Interestingly, Baltimore activists fighting the freeways had recognized early on that the freeways were destructive and that a fight against them would require collaboration between the black westside communities the white ones on the east. A city-wide interracial coalition against inner-city expressways called Movement Against Destruction (MAD) was created. In the end MAD did prevent the demolition of 28,000 housing units and saved a number of historic neighborhoods from the bulldozer. Most eventually became flourishing communities. The City's Inner Harbor was spared a gigantic fly-over and an elevated massive expressway interchange. Maryland's Senator Barbara Mikulski owes her political carrier to this fight. On the other side of the issue, freeway proponents and consultants confused residents by promoting the project as transportation leveraging community investments. As part of the east west expressway an east-west metro line was planned to run in the median of the freeway with stations envisioned as development hubs, not unlike the contemporary talk about Transit Oriented Development (TOD).
The one mile "freeway" is a bleak canyon through once vibrant communities (photo: Gerald Neily) |
But in the end, the saved communities were mostly white and the only two realized elements of the freeway plan, the Highway to Nowhere and a I-395, displaced African Americans in Rosemont, Harlem Park and Sharp Leadenhall. The promised community investments never materialized, nor did the metro line; instead the now bifurcated neighborhoods never recovered from the blow and experienced accelerated decay. As then councilman Tom Ward, an ardent opponent of the freeways had pointed out, freeway related "slum clearance" resulted also in a significant loss of property tax.
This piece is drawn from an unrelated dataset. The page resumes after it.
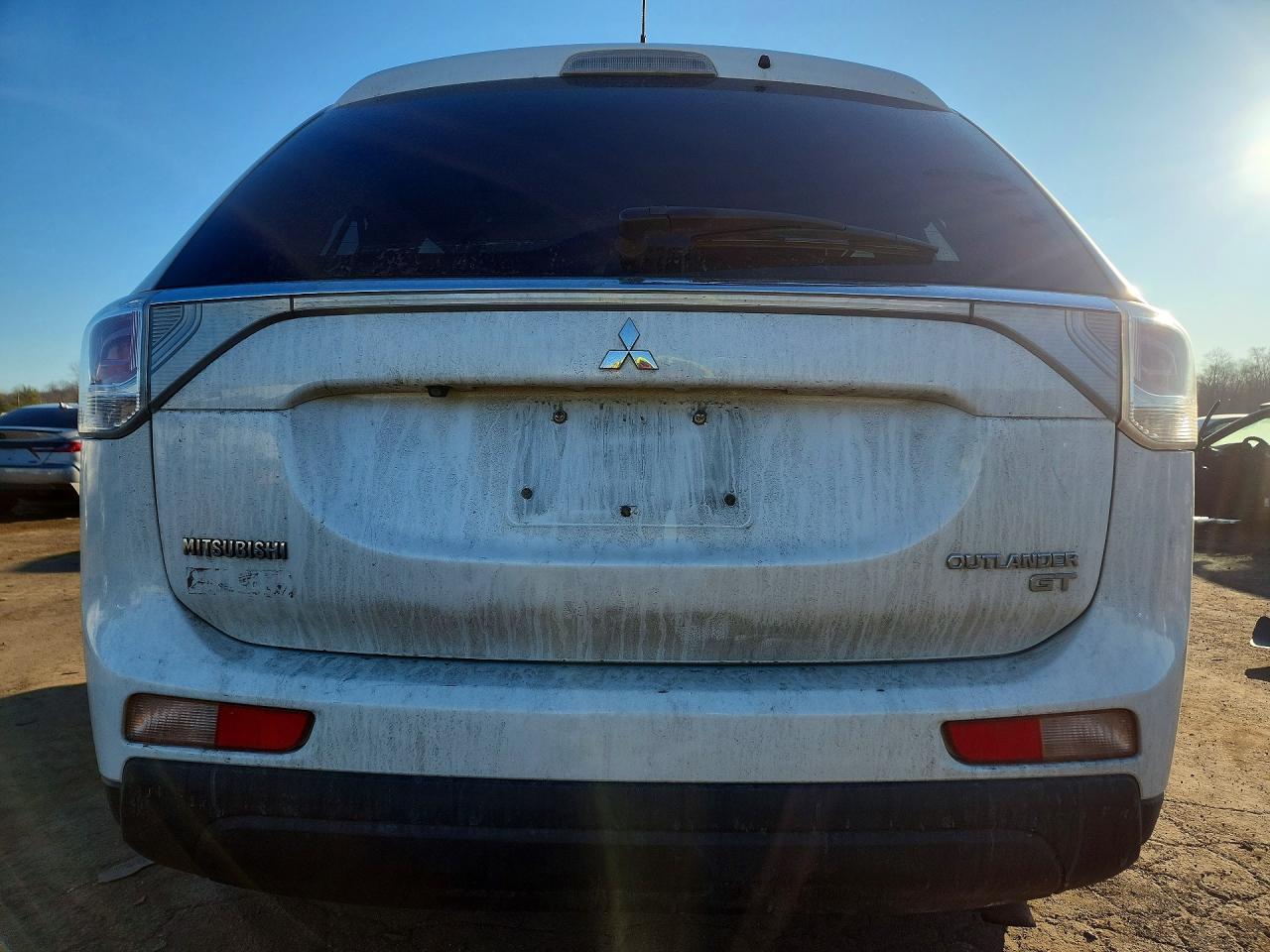 2014 Mitsubishi Outlander gt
Thus the displacement of thousands of homes created a double whammy: the injustice of losing one's home coupled with an additional tax burden on those left behind in the ransacked communities.
The affected West Baltimore communities never forgot. To this day this especially bad case of Baltimore road folly still taints almost any discussion about transportation in Baltimore.
The western end of the freeway was recently demolished for two commuter parking lots. Payson Street was reconnected and the lots were designed for future TOD development. (photo: ArchPlan) |
Secretary Foxx, an African American who had experienced the impacts of urban freeways in his own community as a youth in Charlotte, NC (where he would become later Mayor), did not fail to mention the latest insult that was dealt to the people of West Baltimore. In an ominous reverberation of past broken promises, the Red Line, touted as a community revitalization tool and job creator, disappeared as well. It would have given the Highway to Nowhere finally some meaning by connecting the isolated and dis-invested communities of West Baltimore to downtown, the Metro and the prosperous areas to the east, but the new Governor declared it famously a "boondoggle" and struck fully engineered as it was from his transportation portfolio.
Sometimes it takes time and distance and another blow to find the simple truth in long and complicated struggles. The truth of Baltimore's freeway battles is, that overall Baltimore came out less damaged than many other cities. But just as in many other places, all the damage occurred in African American communities.
Klaus Philipsen, FAIA
A detailed report about the Baltimore freeway battle can be found at Raymond Mohl's account or in the document "The Baltimore Interstate Highway System by UM
Professor Garrett Power.
Andrew Giguere Thesis, College of Arts and Sciences of Ohio University, 2009
See also on Community Architect this week's article From Displacement to Opportunity: Overcoming US Highway Injustices
Harlem Park. | From the Bureau of Urban Renewal and Housing Authority Collection, | Langsdale Library Special Collections. |
Not to mention the slum high-rises which were built and fortunately taken down and much more. Arriving new in Baltimore in 1966 and working at JHH I saw each building come down on my daily commute to work. UNREAL! and still sobbing traveling through the W. Baltimore communities which continue to decline. What a WOUND, still bleeding.